Just as on every Monday and Friday the whole year round, in Dajabón it’s binational market day, the largest of the many markets that are organised along the 276 kilometre border that divides the island of Hispaniola into two unequal halves. To the West lies Haiti, the poorest and most unstable country in Latin America, on its knees for years as a result of exploitation by land owners, blood- thirsty dictatorships, and most recently, the devastating earthquake that swept the country in 2010, which claimed the lives of more than 200,000 people and destroyed the homes of 2.3 million. To the East is the Dominican Republic, one of the most prosperous states in the Caribbean, which has in recent years seen its GDP grow by 5% a year, a figure unmatched in Central America.
President Danilo Medina, the leader of the progressively oriented Dominican Liberation Party (PLD), built his re-election campaign on this economic boom, and won a majority of more than 60% in the mid-May ballot. During his previous four-year mandate, the Medina administration considerably reduced the national debt, introduced sweeping tax reform and increased public spending on education, which now accounts for 4% of GDP.
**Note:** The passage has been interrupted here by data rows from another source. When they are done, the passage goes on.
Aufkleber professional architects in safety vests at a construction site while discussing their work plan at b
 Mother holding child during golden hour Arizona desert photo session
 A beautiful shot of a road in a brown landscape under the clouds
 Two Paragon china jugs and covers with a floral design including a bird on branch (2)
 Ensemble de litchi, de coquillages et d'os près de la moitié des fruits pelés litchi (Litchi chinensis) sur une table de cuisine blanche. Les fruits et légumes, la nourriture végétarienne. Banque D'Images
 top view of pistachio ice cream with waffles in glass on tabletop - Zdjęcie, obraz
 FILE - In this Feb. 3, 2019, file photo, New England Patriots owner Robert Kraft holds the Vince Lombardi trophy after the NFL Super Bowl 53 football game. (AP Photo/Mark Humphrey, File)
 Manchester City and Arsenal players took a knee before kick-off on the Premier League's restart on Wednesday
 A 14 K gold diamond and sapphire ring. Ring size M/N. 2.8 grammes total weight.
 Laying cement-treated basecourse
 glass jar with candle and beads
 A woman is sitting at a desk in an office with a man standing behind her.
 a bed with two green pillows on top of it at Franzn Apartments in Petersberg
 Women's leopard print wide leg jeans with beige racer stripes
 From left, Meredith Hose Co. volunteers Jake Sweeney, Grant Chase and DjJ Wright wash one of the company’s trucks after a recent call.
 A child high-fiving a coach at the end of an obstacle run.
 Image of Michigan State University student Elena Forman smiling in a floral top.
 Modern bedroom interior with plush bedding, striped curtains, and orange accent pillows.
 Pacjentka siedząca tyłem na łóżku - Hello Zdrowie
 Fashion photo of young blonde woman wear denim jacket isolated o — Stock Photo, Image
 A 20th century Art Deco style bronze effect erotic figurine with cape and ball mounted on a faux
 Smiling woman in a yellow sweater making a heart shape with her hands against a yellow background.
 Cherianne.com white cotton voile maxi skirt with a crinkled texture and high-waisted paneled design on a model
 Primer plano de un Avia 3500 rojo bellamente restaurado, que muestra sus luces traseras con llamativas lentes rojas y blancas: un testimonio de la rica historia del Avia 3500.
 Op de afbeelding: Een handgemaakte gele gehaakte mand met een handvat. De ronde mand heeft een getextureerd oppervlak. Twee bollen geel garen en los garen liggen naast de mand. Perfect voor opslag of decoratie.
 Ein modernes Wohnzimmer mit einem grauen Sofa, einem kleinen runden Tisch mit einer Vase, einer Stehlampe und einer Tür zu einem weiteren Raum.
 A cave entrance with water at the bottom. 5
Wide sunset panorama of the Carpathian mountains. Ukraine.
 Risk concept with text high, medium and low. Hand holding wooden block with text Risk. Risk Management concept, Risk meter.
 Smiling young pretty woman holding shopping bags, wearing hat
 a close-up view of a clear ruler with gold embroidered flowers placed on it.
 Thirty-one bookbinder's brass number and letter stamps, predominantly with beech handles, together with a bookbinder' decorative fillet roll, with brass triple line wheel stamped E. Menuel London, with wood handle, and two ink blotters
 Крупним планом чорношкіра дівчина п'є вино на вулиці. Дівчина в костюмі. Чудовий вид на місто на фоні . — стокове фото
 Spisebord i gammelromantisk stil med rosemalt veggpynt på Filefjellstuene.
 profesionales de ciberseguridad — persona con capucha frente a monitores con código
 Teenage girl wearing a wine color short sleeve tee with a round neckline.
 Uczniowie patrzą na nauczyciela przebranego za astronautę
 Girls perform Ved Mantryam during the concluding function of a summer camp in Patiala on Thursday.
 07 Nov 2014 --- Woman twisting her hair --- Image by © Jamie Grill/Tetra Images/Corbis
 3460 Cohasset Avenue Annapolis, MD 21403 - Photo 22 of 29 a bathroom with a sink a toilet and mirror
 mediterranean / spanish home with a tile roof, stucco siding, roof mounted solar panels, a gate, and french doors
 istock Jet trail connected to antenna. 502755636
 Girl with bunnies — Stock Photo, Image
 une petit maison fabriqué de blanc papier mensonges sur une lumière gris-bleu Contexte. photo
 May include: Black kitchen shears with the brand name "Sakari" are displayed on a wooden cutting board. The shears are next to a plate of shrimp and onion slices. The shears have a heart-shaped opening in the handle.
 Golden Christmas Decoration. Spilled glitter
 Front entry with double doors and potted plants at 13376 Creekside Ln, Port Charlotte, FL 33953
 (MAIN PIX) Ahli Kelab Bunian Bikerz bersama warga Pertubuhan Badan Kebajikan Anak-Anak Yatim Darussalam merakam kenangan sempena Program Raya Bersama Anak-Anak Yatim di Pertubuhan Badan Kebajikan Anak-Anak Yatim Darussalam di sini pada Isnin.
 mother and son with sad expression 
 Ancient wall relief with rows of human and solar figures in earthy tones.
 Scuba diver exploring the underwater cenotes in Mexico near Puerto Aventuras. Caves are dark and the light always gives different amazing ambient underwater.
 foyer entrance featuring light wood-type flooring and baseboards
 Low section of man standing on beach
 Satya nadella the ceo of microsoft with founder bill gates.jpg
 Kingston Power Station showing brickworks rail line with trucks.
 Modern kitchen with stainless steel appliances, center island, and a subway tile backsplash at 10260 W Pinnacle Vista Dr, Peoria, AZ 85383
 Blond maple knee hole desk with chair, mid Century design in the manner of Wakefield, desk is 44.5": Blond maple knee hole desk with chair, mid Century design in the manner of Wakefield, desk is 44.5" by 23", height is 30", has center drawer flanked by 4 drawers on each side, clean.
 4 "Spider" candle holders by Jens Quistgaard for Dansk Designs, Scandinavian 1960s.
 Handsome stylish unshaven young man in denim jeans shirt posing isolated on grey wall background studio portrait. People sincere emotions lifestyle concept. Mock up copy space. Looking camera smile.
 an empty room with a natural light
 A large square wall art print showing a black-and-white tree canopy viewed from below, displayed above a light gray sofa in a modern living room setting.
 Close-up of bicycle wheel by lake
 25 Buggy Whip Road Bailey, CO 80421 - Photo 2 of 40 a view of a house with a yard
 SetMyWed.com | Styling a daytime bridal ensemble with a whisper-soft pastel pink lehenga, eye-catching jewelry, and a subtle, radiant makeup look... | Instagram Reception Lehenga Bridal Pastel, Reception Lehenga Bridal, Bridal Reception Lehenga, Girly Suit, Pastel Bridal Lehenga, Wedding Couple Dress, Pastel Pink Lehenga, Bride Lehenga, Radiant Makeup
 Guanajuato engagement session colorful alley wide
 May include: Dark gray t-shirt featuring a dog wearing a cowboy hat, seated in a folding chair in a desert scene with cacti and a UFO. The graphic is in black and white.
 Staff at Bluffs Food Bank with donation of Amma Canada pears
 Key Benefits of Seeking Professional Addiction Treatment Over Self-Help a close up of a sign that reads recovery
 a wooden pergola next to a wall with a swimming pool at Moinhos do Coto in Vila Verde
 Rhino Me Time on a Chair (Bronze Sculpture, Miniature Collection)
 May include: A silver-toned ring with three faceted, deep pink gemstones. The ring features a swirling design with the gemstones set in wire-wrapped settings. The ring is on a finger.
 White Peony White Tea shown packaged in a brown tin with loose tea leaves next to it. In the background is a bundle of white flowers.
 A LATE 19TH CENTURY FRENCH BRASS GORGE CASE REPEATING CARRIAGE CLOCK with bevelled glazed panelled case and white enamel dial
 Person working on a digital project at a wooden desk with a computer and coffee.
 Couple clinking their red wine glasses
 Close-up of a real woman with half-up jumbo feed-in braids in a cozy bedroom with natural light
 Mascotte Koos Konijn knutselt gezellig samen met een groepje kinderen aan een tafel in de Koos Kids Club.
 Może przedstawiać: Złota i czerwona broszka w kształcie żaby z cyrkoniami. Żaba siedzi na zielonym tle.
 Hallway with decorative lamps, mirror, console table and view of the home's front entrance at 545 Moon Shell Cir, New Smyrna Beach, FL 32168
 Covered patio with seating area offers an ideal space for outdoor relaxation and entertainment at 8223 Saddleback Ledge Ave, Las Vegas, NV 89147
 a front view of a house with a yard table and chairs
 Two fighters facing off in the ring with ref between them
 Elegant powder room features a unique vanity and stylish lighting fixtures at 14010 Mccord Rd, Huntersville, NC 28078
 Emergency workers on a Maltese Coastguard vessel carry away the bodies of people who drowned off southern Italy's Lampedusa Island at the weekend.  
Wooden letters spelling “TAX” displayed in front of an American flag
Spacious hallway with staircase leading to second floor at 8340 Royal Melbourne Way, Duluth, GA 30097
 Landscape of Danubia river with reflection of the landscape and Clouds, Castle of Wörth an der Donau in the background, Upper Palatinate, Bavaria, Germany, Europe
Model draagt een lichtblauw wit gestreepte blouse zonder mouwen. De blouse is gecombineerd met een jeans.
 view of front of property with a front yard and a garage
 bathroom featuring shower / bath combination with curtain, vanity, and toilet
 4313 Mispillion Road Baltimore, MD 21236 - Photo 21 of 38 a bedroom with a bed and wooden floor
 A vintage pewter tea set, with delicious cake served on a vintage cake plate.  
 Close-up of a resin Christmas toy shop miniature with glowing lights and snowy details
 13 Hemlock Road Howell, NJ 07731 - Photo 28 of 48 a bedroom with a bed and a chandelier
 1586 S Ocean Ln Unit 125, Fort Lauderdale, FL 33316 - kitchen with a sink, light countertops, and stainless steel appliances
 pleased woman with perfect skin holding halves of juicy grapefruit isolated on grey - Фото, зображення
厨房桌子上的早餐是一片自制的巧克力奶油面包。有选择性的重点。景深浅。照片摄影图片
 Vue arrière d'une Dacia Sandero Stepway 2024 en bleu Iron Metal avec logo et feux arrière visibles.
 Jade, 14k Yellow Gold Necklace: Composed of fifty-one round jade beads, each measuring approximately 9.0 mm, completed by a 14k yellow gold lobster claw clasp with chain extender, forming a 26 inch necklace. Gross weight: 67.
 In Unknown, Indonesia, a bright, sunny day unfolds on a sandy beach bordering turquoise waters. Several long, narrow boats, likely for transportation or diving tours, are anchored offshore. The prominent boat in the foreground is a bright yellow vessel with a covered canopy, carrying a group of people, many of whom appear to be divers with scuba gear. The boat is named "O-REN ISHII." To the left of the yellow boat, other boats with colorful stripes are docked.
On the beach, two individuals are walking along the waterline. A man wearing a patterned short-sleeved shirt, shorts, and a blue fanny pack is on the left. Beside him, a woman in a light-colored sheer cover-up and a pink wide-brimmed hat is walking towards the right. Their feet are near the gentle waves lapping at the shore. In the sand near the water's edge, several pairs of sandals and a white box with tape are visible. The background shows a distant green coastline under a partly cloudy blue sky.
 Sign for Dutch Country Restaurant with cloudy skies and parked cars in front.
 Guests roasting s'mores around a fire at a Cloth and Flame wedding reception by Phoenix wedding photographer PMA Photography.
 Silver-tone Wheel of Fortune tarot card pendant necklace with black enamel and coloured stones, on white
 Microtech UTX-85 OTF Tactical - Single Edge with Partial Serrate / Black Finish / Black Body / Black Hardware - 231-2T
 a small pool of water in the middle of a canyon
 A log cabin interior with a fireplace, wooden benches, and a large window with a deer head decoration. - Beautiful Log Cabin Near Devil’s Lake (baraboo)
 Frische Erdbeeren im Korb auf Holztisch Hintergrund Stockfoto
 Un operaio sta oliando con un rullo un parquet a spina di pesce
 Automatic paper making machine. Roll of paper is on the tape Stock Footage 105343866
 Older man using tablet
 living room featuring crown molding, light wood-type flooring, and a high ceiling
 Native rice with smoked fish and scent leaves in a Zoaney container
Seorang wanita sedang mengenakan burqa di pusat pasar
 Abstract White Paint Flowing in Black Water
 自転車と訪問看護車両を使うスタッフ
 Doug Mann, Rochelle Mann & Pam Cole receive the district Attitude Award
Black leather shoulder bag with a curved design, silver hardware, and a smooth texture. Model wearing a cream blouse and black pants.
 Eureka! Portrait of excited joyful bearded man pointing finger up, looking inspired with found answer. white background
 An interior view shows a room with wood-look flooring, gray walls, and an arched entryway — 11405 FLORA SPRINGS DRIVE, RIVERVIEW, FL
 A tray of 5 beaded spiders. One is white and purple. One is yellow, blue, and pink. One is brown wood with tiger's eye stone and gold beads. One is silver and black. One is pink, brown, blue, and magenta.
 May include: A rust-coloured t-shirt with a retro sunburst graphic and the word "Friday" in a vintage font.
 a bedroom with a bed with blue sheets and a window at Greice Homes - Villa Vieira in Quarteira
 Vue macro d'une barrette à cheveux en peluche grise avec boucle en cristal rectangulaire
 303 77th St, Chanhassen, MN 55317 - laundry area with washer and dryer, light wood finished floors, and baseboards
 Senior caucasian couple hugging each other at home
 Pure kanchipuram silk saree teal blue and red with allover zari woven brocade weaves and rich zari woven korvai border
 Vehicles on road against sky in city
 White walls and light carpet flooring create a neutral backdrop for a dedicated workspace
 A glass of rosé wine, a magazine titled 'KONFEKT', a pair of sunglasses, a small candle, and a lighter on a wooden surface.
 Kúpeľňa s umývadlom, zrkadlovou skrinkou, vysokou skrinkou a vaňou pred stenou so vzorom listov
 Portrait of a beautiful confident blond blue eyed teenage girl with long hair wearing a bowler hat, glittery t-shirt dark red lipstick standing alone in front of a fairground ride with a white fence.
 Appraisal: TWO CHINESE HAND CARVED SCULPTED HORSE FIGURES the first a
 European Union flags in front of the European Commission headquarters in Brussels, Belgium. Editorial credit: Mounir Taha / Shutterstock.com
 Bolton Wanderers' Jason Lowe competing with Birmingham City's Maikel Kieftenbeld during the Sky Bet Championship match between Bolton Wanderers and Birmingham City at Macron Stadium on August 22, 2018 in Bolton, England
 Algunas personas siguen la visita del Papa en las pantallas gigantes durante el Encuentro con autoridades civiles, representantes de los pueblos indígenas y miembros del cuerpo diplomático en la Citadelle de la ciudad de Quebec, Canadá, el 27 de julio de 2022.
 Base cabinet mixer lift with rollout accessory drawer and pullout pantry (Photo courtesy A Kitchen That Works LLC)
Medina also enacted a number of infrastructure upgrades involving ports and roads, in part thanks to foreign investments, especially in the tourist industry. After all, tourism is the driving force behind the Dominican economy, centred primarily around the all-inclusive resorts on the east coast. According to figures produced by the World Travel & Tourism Council (WTTA), the tourist industry and its spin-offs contributed as much as 16.3% to the republic’s GDP, much more than Cuba (10.1%) and almost double the average on the American continent (8.6%). In 2015, over five million visitors holidayed in the more than 70,000 hotel rooms in the country (in 1980 there were little more than 5,000), generating more than 500,000 direct and indirect jobs (15% of the total).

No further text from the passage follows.